Die schlimmsten Zahlen, so merkt unser Informant an, ergeben sich aus der furchtbaren Situation ertrunkener afrikanischer Einwanderer.

Der Beitrag von Blausand.de aus dem letzten Jahr zu den menschenverachtenden Zuständen  kann unter diesem Link nachgelesen werden.

Inzwischen, so berichtet das Wochenblatt, die Zeitung der Kanarischen Inseln, sollen allein in den letzten sieben Monaten 3000 Menschen ertrunken sein.



Sonnabend, 5. August 2006
"...Angst vorm einsamen Handtuch"


Image Im "Kölner Stadtanzeiger" finden wir ein Plädoyer für den Rettungs- und Wachdienst am Wasser: "Für gewöhnlich sind Nebenjobs öde und langweilig. Meistens hütet man die Kassen großer Supermarktketten oder brät Burger in Fastfood-Restaurants. Mit ein bisschen Glück dürfen manche auch draußen im Sonnenschein herumlaufen und sich als Zeitungsboten vom Hund beißen lassen. Stefanie Wieja hat die perfekte Alternative gefunden: Die 20-Jährige leistet in Erftstadt am Liblarer See Bademeister- und Aufsichtsdienst, kann notfalls Leben retten und trägt große Verantwortung. Seit zwei Jahren ist Stefanie bei der Wasserwacht des Roten Kreuzes und sorgt gemeinsam mit ihrem Team dafür, dass der Rest der Welt den Sandstrand und vor allem den See genießen kann" Den Artikel zum Thema finden Sie hier.


Mittwoch, 2. August 2006
TV-Sendetermine "Strandsicherheit an der portugiesischen Algarve"

ImageMitte Juli 2006 war der Gründer von Blausand.de, Rolf Lüke, zusammen mit einem Fernsehteam des Südwestrundfunk an der Algarve Portugals, um die Strände auf Sicherheit zu testen - mit überraschenden Ergebnissen. Den Blausand.de-Report über die erstaunlich gut bewachten Strände im Süden lesen Sie hier.

Der TV-Report wird gezeigt in der Sendung ARD-Buffet am Donnerstag, 3. August 2006 zwischen 12.15 und 13 Uhr im Ersten, ebenfalls am 3.8. in der Landesschau Baden-Württemberg  (swf-Fernsehen) zwischen 18.45 und 19.45.


Dienstag, 1. August 2006
Strandbesucher retten zwei Menschen auf Teneriffa, Spanien


Image Zwei Menschen wurden am vorletzten Wochenende auf der Kanaren-Insel Teneriffa nach Medienberichten durch Strandbesucher vor dem sicheren Ertrinken gerettet.

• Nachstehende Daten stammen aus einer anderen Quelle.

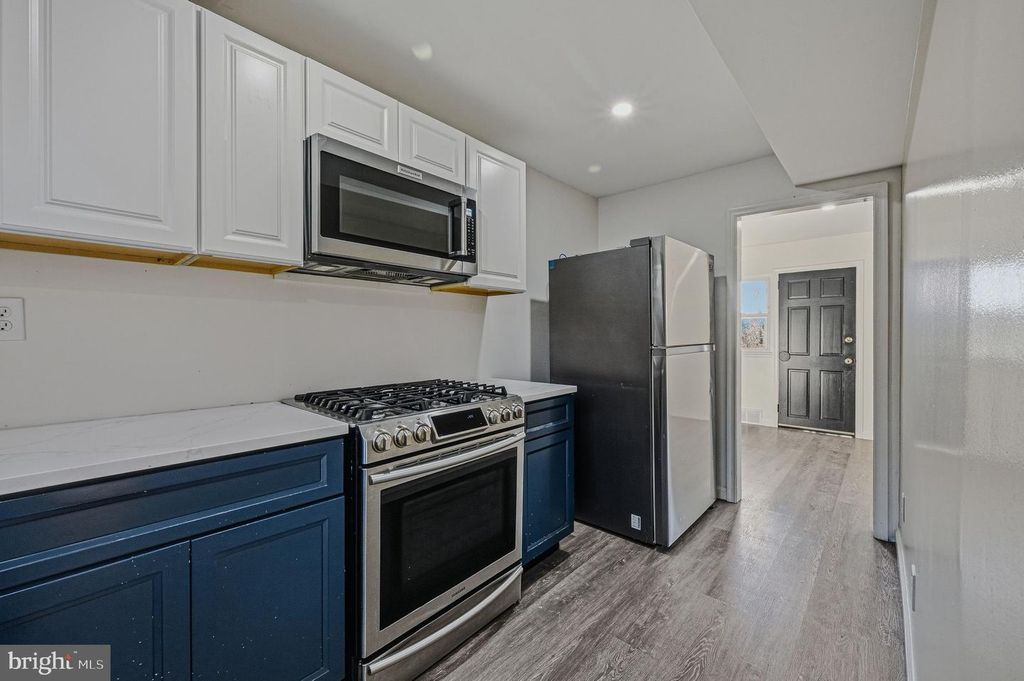 Image 13 of property listing at 47 CANNON DR, Wilmington, DE 19809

Im ersten Fall rettete ein Schwimmer an der Playa de Abades im Gemeindegebiet Arico einen erst 4 Jahre alten Jungen, welcher regungslos im seichten Wasser trieb. Nachdem der Retter den kleinen Jungen an Land gebracht hatte wurde dieser mit einem Rettungswagen in die Notaufnahme des Krankenhauses"'Nuestra Señora de la Candelaria" gebracht, welches der Junge jedoch nach Routineuntersuchungen wieder verlassen konnte.

Im zweiten Fall wurde ein 36 Jahre alter Mann am Strand von Punta de El Porís (ebenfalls im Gemeindegebiet Arico, Teneriffa) von anderen Strandbesuchern vor dem sicheren Ertrinken gerettet. Der Mann trieb regungslos im Wasser und wurde, nachdem andere Strandbesucher ihn an Land gebracht hatten, sofort mit dem Rettungshelikopter ins Krankenhaus geflogen. Der 36 Jährige hatte sehr viel Wasser in den Lungen und befand sich nach den Aussagen der behandelnden Ärzte in einem bedrohlichen Gesundheitszustand. Erst Stunden nach der Einlieferung konnten die behandelnden Ärtze den Angehörigen mitteilen, daß der 36 Jährige Mann "über den Berg" sei.

Beide Schwimmer, sowohl der 4 Jahre alte Junge als auch der 36 Jahre alte Mann, haben ihr Leben anderen aufmerksamen Strandbesuchern zu verdanken.